Insomma, una filippica che definire inelegante è poco, ma d’altronde lui stesso la conclude dicendo: “Io sono fatto così, non ho mai chiesto favori a nessuno e se mi attaccano… peggio per loro!”.
Io ho ascoltato attentamente le parole di Filippi, a fine partita e le ho trovate impeccabili, sia sotto il profilo formale che sostanziale. Un’unica battuta ironica nei confronti del collega, questa: “ Il Palermo ha fatto la sua onesta partita, i ragazzi hanno dato tutto e io, a differenza dell’allenatore dell’Avellino, che da domenica sera non fa altro che lamentarsi, non ho nulla da recriminare”.

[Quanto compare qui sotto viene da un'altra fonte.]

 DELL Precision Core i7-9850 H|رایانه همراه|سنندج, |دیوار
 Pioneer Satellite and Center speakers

Ironia a parte, fra l’altro del tutto plausibile, vista la reazione dell’allenatore irpino dopo l’1-0 del “Barbera (Broh, suo ex che vuole salutarlo e lui lo ignora e gazzarra in campo dei suoi giocatori senza che lui faccia alcunché per placare gli animi), Braglia va oltre i limiti nel “contrattacco” (così lui definisce la sua replica).

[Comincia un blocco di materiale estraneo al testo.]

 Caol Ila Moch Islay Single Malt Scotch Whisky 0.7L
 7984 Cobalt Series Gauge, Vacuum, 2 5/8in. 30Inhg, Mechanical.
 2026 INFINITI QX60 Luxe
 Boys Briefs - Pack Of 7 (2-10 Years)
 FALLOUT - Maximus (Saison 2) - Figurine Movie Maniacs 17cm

Finita la bagarre in campo, con l’Avellino che si porta via vittoria e passaggio del turno con un solo tiro nello specchio, oltre al gol, Braglia avrebbe dovuto mostrare più rispetto per l’avversario e non lo ha fatto. Dice. i toscani sono fatti così, sono polemici fino alla litigiosità e non chinano mai la testa. Nemmeno davanti all’evidenza.
La verità è che saper vincere è più difficile che vincere e Braglia, con i suoi sessantasei anni, trentadue dei quali da allenatore, forse ancora non l’ha capito… O, peggio, l’ha capito ma se ne infischia. Così, quando vince, si diverte poi a maltrattare l’avversario, facendola passare per replica ad un attacco ricevuto.

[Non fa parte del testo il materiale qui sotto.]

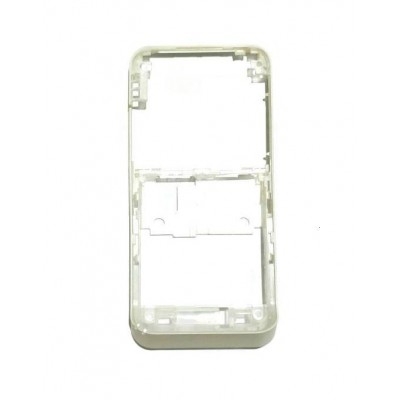 Lcd Frame Middle Chassis For Sony Ericsson W580i Black By - Maxbhi Com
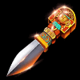 mayan cache knife symbol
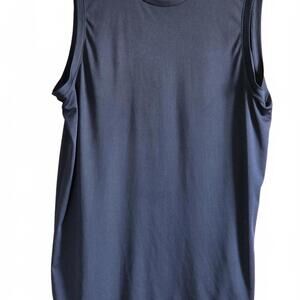 Tek Gear Dry Tek Men's Black Sleeveless Tank Top Size XL Tall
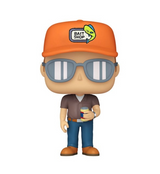 Funko POP! TV: King of the Hill – Dale Gribble Vinyl Figure (9 cm)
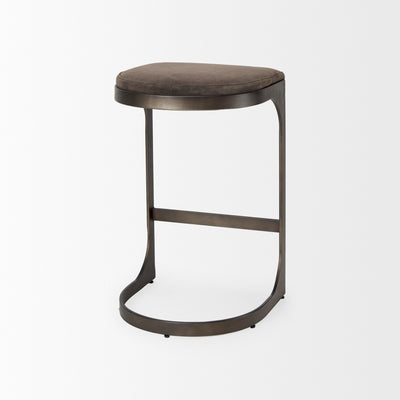 product image for Tyson Upholstered Seat Bar Counter Stool Mercana Mer 69268 14 19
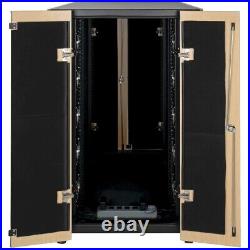 Tripp Lite 24U Soundproof Rack Enclosure Server Cabinet Quiet Acoustic (srq24u)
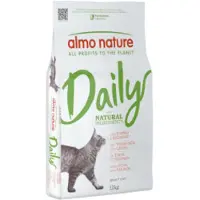Almo Nature Daily mit Thunfisch und Lachs Katzenfutter | 2 x 12 kg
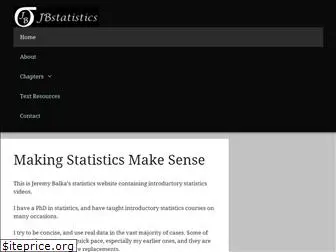 jbstatistics.com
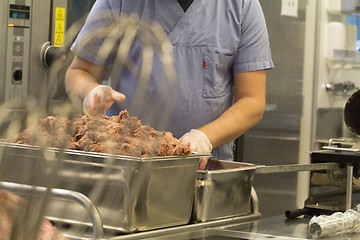 Image showing Butcher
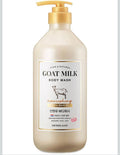 SHOWERMATE Goat Milk Body Wash Manuka Honey 27 fl oz / 800 ml (1 Pack)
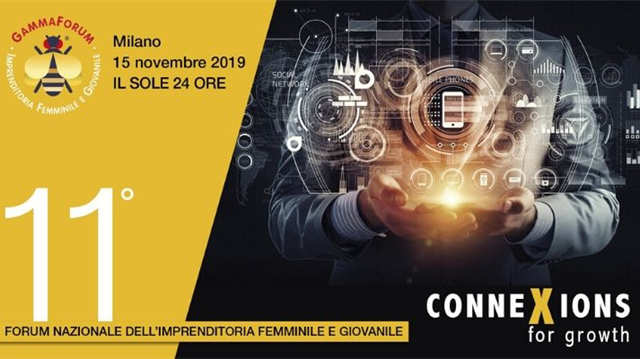 A Gammaforum 2019 #ConneXions for Growth - Milano, 15 novembre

Tutta scena, quella di Braglia, prima, durante e dopo il doppio incontro di play off col Palermo ( e con Filippi), spettacolo offerto in pasto ai tifosi irpini che, per come li conosco per plurime esperienze dirette e personali, non hanno bisogno di performances di questo livello per esprimere il loro viscerale attaccamento ai “lupi d’irpinia”.
Ieri, partita ufficialmente a porte chiuse, il Partenio-Lombardi per tutti i novanta minuti risuonava di canti e cori come se gli spalti fossero stracolmi
Il Palermo esce di scena, è vero, ma lo fa a testa alta, anzi altissima, onorando lo sport, sia in campo che fuori. A differenza dell’Avellino e del suo allenatore, che l’hanno messa subito sul piano della rissa, sia a Palermo che in casa loro.
Ma hanno vinto, ed è, questa, l’unica cosa che conta.
Come diceva il grande Boniperti che, però, si riferiva alla Juve e a un calcio che era spettacolo, che era lo Sport (con la esse maiuscola, non è un refuso) più bello del mondo e lo stadio era il lungo ideale per stare insieme e insieme tifare, condividere nel bene e nel male le sorti della squadra del cuore.
Benvenuto Caminiti
N.D.D. Carissimo Benvenuto, ho potuto assistere a entrambi i match di play off tra Palermo e Avellino e devo riconoscere che i rosanero hanno vinto ai punti questi incontri. Conta poco. Nel calcio vince chi produce gol e risultati ma proprio per tale ragione l’esclusione del Palermo mi indigna. Il regolamento di questi play off è una “cagata pazzesca”… Non dovrebbero essrrci favoritismi di piazzamento: per passare il turno una squadra dovrebbe sovrastare l’altra, foss’anche ai rigori, dopo i supplementari.
Il Palermo esce a testa altissima perché ha vinto una gara e ne ha persa un’altra con lo stesso risultato. Ma l”Avellino era piazzato al 3° posto e il Palermo al 7°. Solo ciò ha favorito l’esclusione delle aquile dal prossimo turno nazionale.
In merito a Braglia che dire? Da giocatore era un fenomeno. Come allenatore più che Braglia… a volte raglia!
Un saluto a tutti i lettori tifosi palermitani!